Unlike SpiceDB, Semgrep is written in OCaml, which doesn’t (yet) have the ability to compile to WebAssembly. There are other ways to run OCaml in the browser, but it was an early indication that our journey was going to be less straightforward than Authzed's.

Js_of_ocaml

OCaml ships with two compilers: ocamlopt, which outputs a native executable, and ocamlc, which outputs OCaml bytecode which can then be executed by the ocamlrun interpreter. As a rule of thumb, native compilation yields superior performance, but bytecode compilation allows your code to be run on more diverse platforms.

We used the open source js_of_ocaml compiler to further transform the bytecode output of ocamlc into JavaScript, allowing us to compile Semgrep into one large JavaScript file.

OCaml code can be compiled as a native executable or bytecode; OCaml bytecode can be compiled to JavaScript.

Running the JavaScript output at this stage resulted in a flurry of “X is not implemented” exceptions because Semgrep also depends on a few C libraries:

• libyaml for YAML parsing

• libpcre for regular expressions

• tree-sitter for language parsing

Js_of_ocaml doesn’t know how to translate these libraries to JavaScript (it only understands OCaml), so it leaves implementing them as an exercise for the user.

Emscripten

This is where WebAssembly came into play. Using Emscripten, the de-facto compiler toolchain for WebAssembly, we recompiled Semgrep’s C libraries and linked them all into one WebAssembly module. Lucky for us, Emscripten is essentially a drop-in replacement for GCC, so we simply had to run emcc where we’d normally run gcc.

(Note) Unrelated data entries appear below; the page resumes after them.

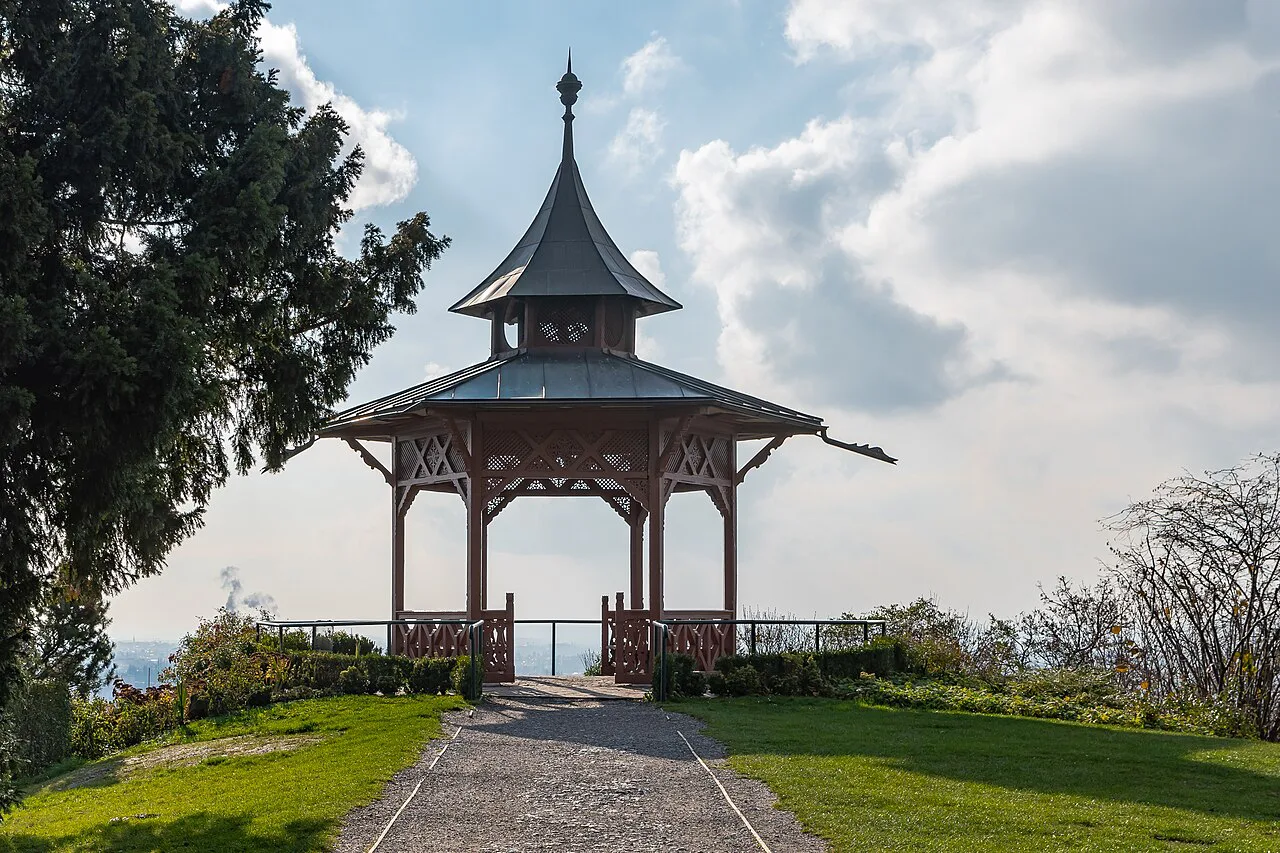 The Chinese pavilion on the Schlossberg in Graz.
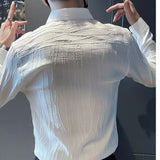 Riolio  Long Sleeve Shirt Trendy and Handsome Men's Top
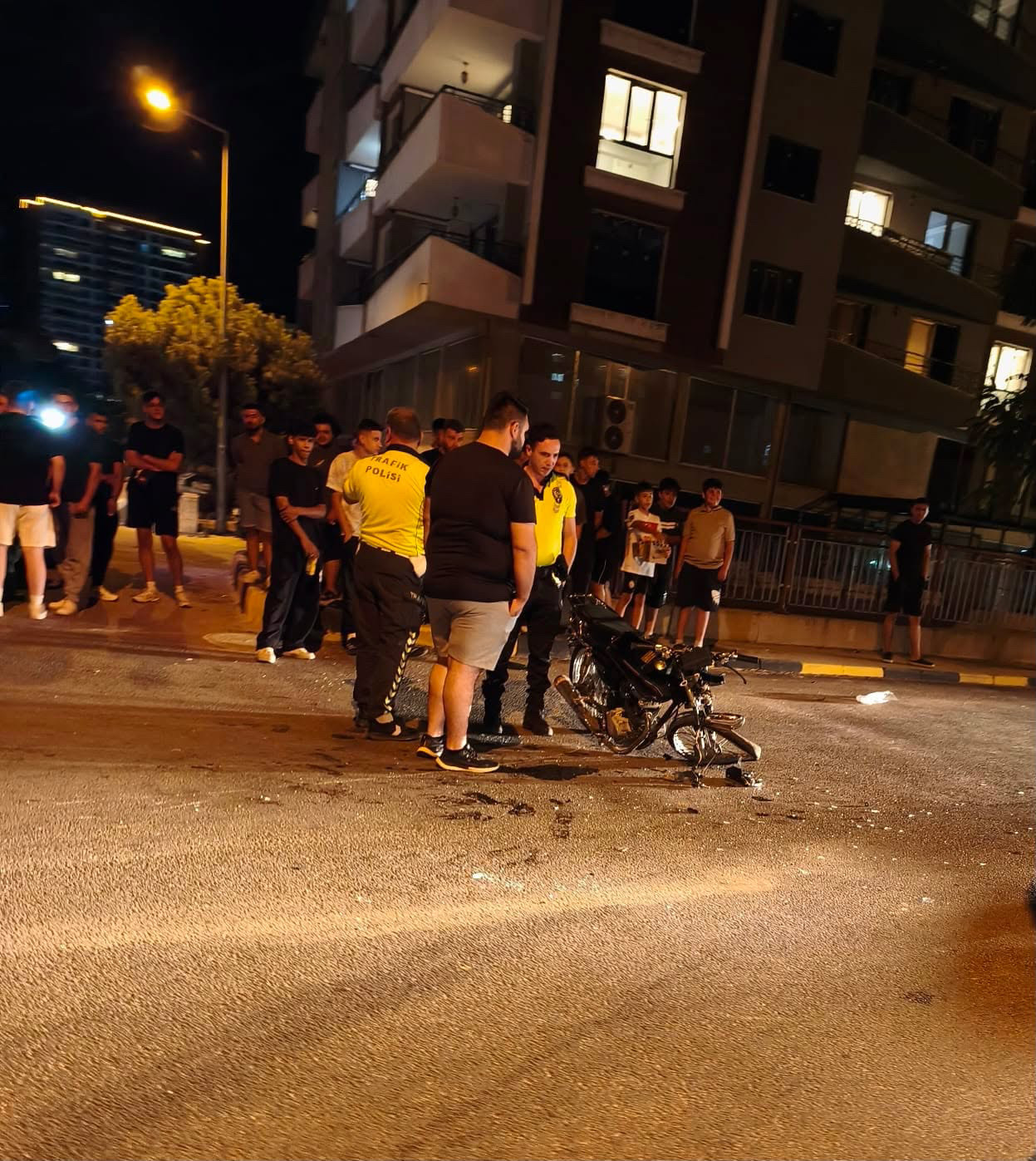 Alaşehir motosiklet kazası 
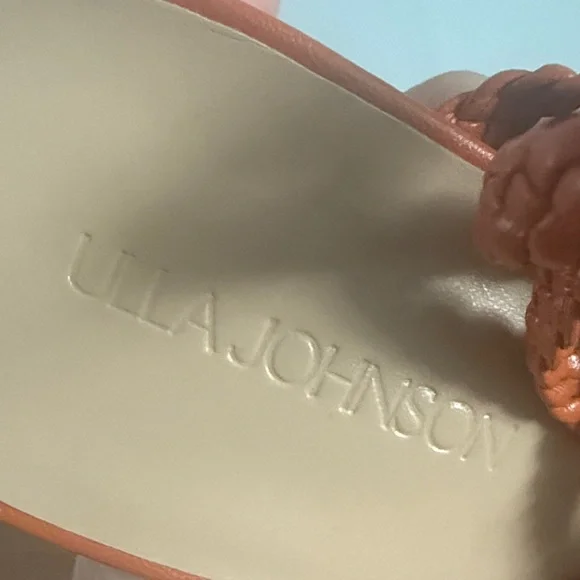 Elegant Women's Woven Heels - Orange - Picture 10 of 10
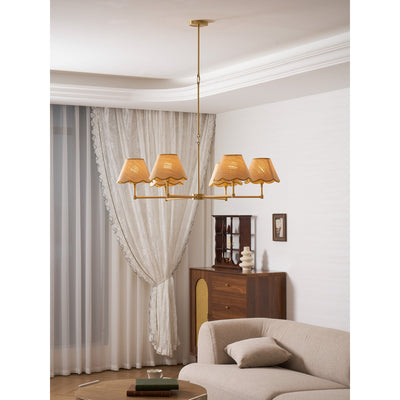 Beaumere Rattan Chandelier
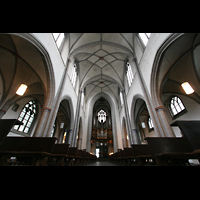 Köln, St. Severin, Innenraum mit Orgel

Emscripten compiles Semgrep’s C libraries into a WebAssembly module that can be imported in JavaScript.

Glue Code

Building a WebAssembly module only got us halfway there. Many of the difficulties lay in bridging the gap between JavaScript and WebAssembly.

External functions

OCaml programs interact with C libraries through external functions, which tell the compiler that the given OCaml function should be evaluated by calling the C function with the provided name. Our migration strategy was repetitive but straightforward: for each OCaml external function, find its companion C function and translate it into JavaScript.

For example, here is an external function for returning the version of the libpcre library:

1external pcre_version : unit -> string = "pcre_version_stub"

This says that pcre_version is a function with no arguments that returns a string, and its companion C function is named pcre_version_stub. Let’s look at its implementation:

1CAMLprim value pcre_version_stub(value __unused v_unit)
2{
3  return caml_copy_string((char *) pcre_version());
4}

Pretty straightforward. Call the libpcre function pcre_version() and return a copy of the string in a format that OCaml can understand.

The JavaScript implementation is slightly more verbose, but follows the same basic structure: we call libpcre._pcre_version() and make a copy of the string in a format that js_of_ocaml can understand.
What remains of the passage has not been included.